YOUR GOAL:
Your answer must be the exact lines below, starting with the line with "35-Arabian-Oryx-United-Arab-Emirates The Arabian" and going on through the line with "Product para maprevent", both included, with no pictures.

AVAILABLE RECORDS:
----------------------------------------

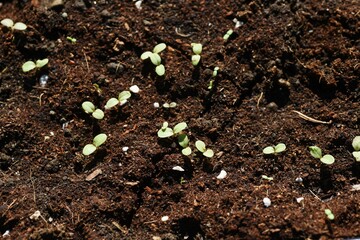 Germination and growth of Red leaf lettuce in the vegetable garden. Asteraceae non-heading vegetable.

----------------------------------------

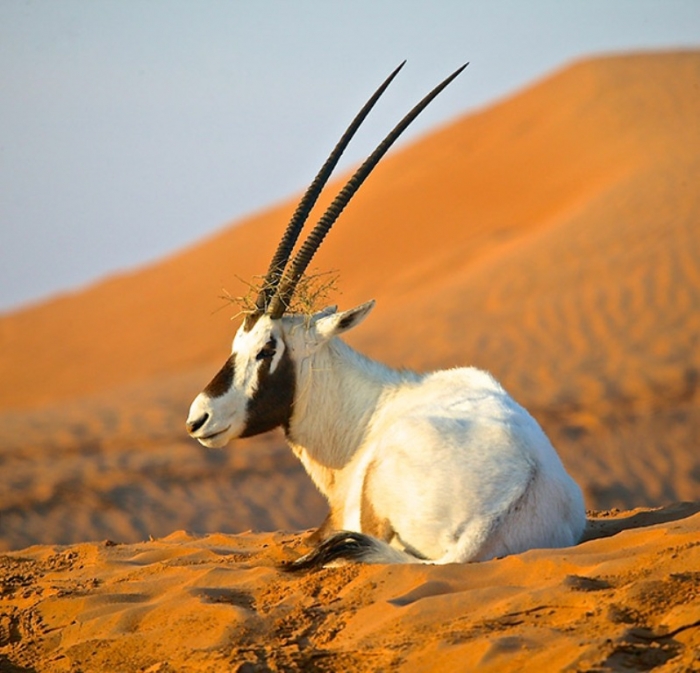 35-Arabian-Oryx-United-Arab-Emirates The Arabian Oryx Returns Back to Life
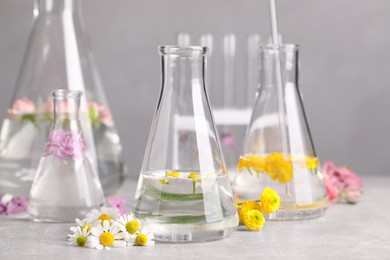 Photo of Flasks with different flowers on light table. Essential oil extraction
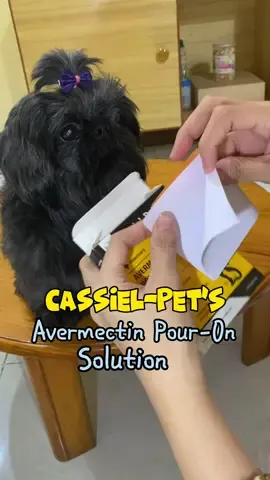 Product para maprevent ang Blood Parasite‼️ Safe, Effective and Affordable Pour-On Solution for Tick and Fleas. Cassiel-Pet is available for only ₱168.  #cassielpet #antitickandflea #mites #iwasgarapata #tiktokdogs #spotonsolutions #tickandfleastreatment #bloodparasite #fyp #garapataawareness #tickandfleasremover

----------------------------------------

EXERCISE SOLUTION:
 35-Arabian-Oryx-United-Arab-Emirates The Arabian Oryx Returns Back to Life
 Photo of Flasks with different flowers on light table. Essential oil extraction
 Product para maprevent ang Blood Parasite‼️ Safe, Effective and Affordable Pour-On Solution for Tick and Fleas. Cassiel-Pet is available for only ₱168.  #cassielpet #antitickandflea #mites #iwasgarapata #tiktokdogs #spotonsolutions #tickandfleastreatment #bloodparasite #fyp #garapataawareness #tickandfleasremover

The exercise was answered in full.